It has been a very warm summer, with 2 – 3 days of triple digit heat every other week.  In my house built in 1947 with no central air conditioning, by the third day the heat builds up and it is very difficult to cool it down at night. We had 10 or more days of 100+ starting about August 12. On Monday the 17th, I was hearing about numerous lightening sparked fires around the Bay Area and along the coast. Tuesday evening, I noticed that I could not see Jupiter and Saturn which I have been seeing most nights in the southern sky.

Ash on grill on the patio.

The next morning, my yard man told me he was not using the blower because of the ash. By afternoon, everything was covered in black particles, and white, and grey dust from the fires. We are not near any of the fires, thank the Lord, but Stockton is sort of in a basin that catches smoke and ash from all directions. With that much smoke in the air, using my attic fan to cool off the house at night is not an option.

Ash on old table in back of the yard.

Cleaning out the files has been my main activity all month. Once I finished with the watercolor book, I didn’t start any new art because the file cabinets are in the studio and I was sorting through them on my work table. It was an interesting journey to read those papers I wrote. To think about what I had done and why.

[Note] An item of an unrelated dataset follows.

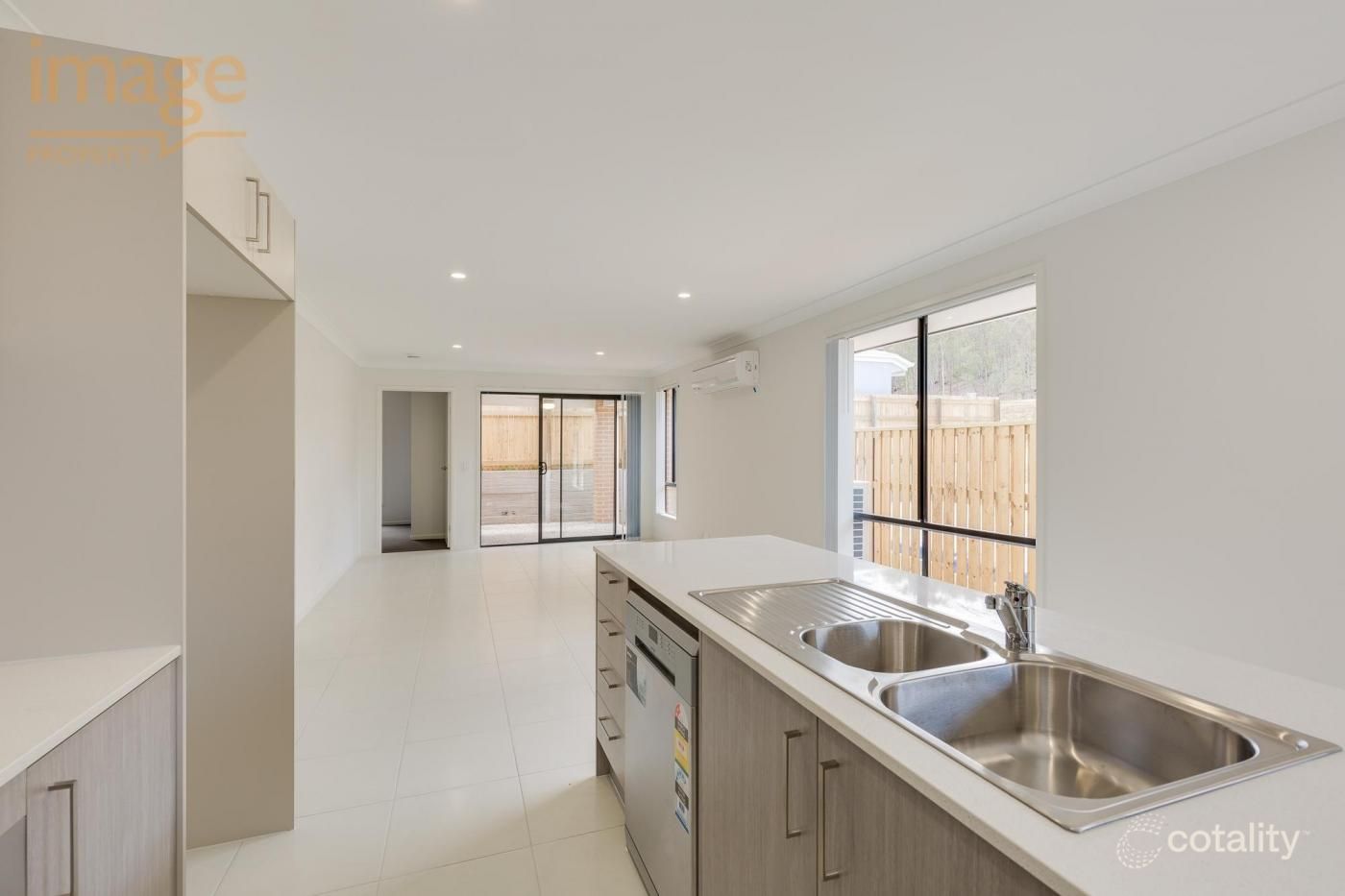 24 Archer Cres, Redbank Plains, QLD 4301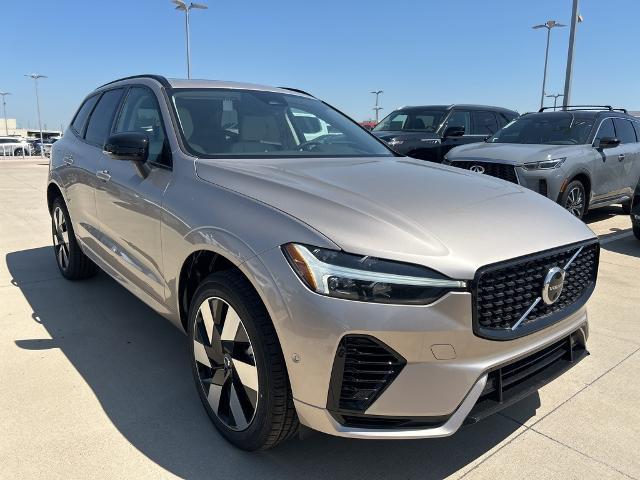2025 Volvo XC60 Plug-In Hybrid Vehicle Photo in Grapevine, TX 76051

I found a note I had written with a quote from Madeleine L’Engle in her book, “A Circle of Quiet”, published in 1972, where she uses the example of our bones as our structure that gives us freedom to move, to dance. . . She said,

“We are a generation which is crying loudly to tear down all structure in order to find freedom, and discovering, when order is demolished, that instead of freedom we have death.”

She wrote that 48 years ago.

To quote my exasperated dad, “When are you gonna learn?”

My last painting from the book.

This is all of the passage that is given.